Attorney, Agent or Firm: Gary C. Cohn PLLC
Claims
What is claimed is:
1. An inkjet recording medium obtained by forming a coating layer
containing a pigment and a binder on the surface of a base material
and said coating layer is subsequently pressed onto a heated mirror
finished surface to dry to form an ink absorbing layer through a
cast coating method, wherein said pigment contains a peanut-shaped
colloidal silica that has a primary particle diameter of from 10 nm
to 100 nm while the ratio of the secondary particle diameter to
said primary particle diameter is from 1.5 to 2.5.
2. An inkjet recording medium obtained by forming a coating layer
containing a pigment and a binder on the surface of a base
material, a treatment solution used to coagulate said binder is
subsequently applied to said coating layer surface while wet and
the coating layer on which said treatment solution is applied is
pressed on to a heated minor finished surface while said coating
layer is wet to dry the layer to form an ink absorbing layer,
wherein said pigment contains a peanut-shaped colloidal silica that
has a primary particle diameter of from 10 nm to 100 nm while the
ratio of the secondary particle diameter to said primary particle
diameter is from 1.5 to 2.5.
3. The inkjet recording medium as defined in claim 1 wherein an
undercoating layer is formed between said base material and said
ink absorbing layer.
4. The inkjet recording medium as defined in claim 1 wherein the
primary particle diameter of said colloidal silica is from 10 nm to
50 nm and said pigment also contains .gamma.-type alumina.

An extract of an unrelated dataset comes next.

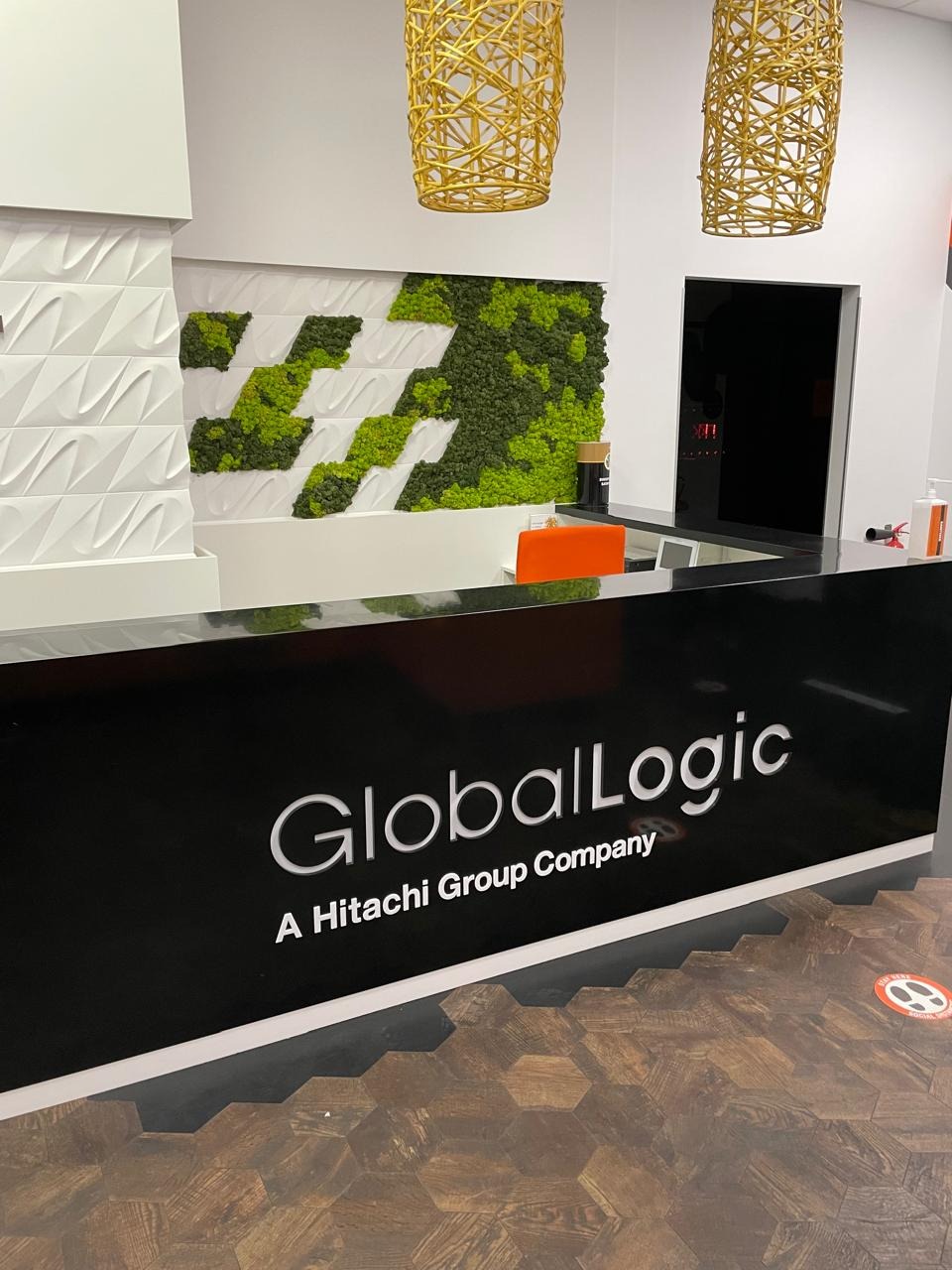 Recepcja biura GlobalLogic z logo na czarnym blacie, zieloną ścianą z mchu i designerskimi lampami. Parkiet imitujący drewno w heksagonalnym wzorze.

5. The inkjet recording medium as defined in claim 1 wherein the
primary particle diameter of said colloidal silica is from 10 nm to
50 nm and said pigment also contains silica formed using a vapor
phase method and having a specific surface area of from 130
m.sup.2/g to 300 m.sup.2/g.
6. The inkjet recording medium as defined in claim 1 wherein the
primary particle diameter of said colloidal silica is from 30 nm to
100 nm and said pigment also contains a synthetic non-crystalline
silica formed using a wet method.
7. The inkjet recording medium as defined in claim 1 wherein the
content of said colloidal silica is from 5% by weight to 50% by
weight based on total pigment in said ink absorbing layer.
8. The inkjet recording medium as defined in claim 1 wherein said
binder contains a water soluble resin.
9. The inkjet recording medium as defined in claim 1 wherein said
binder contains poly(vinyl alcohol) and/or a poly(vinyl alcohol)
derivative.
10. The inkjet recording medium as defined in claim 1 wherein the
ratio by weight of the pigment and the binder in said ink absorbing
layer satisfies the relationship (pigment)/(binder)=from 100/3 to
100/50.
11. The inkjet recording medium as defined in claim 1 wherein the
75.degree. specular gloss of said ink absorbing layer surface is at
least 50% and the degree of image transparency is at least 20%.
12. The inkjet recording medium as defined in claim 2 wherein an
undercoating layer is formed between said base material and said
ink absorbing layer.
13. The inkjet recording medium as defined in claim 2 wherein the
primary particle diameter of said colloidal silica is from 10 nm to
50 nm and said pigment also contains .gamma.-type alumina.
14. The inkjet recording medium as defined in claim 2 wherein the
primary particle diameter of said colloidal silica is from 10 nm to
50 nm and said pigment also contains silica formed using a vapor
phase method and having a specific surface area of from 130
m.sup.2/g to 300 m.sup.2/g.
15. The inkjet recording medium as defined in claim 2 wherein the
primary particle diameter of said colloidal silica is from 30 nm to
100 nm and said pigment also contains a synthetic non-crystalline
silica fanned using a wet method.
16. The inkjet recording medium as defined in claim 2 wherein the
content of said colloidal silica is from 5% by weight to 50% by
weight based on total pigment in said ink absorbing layer.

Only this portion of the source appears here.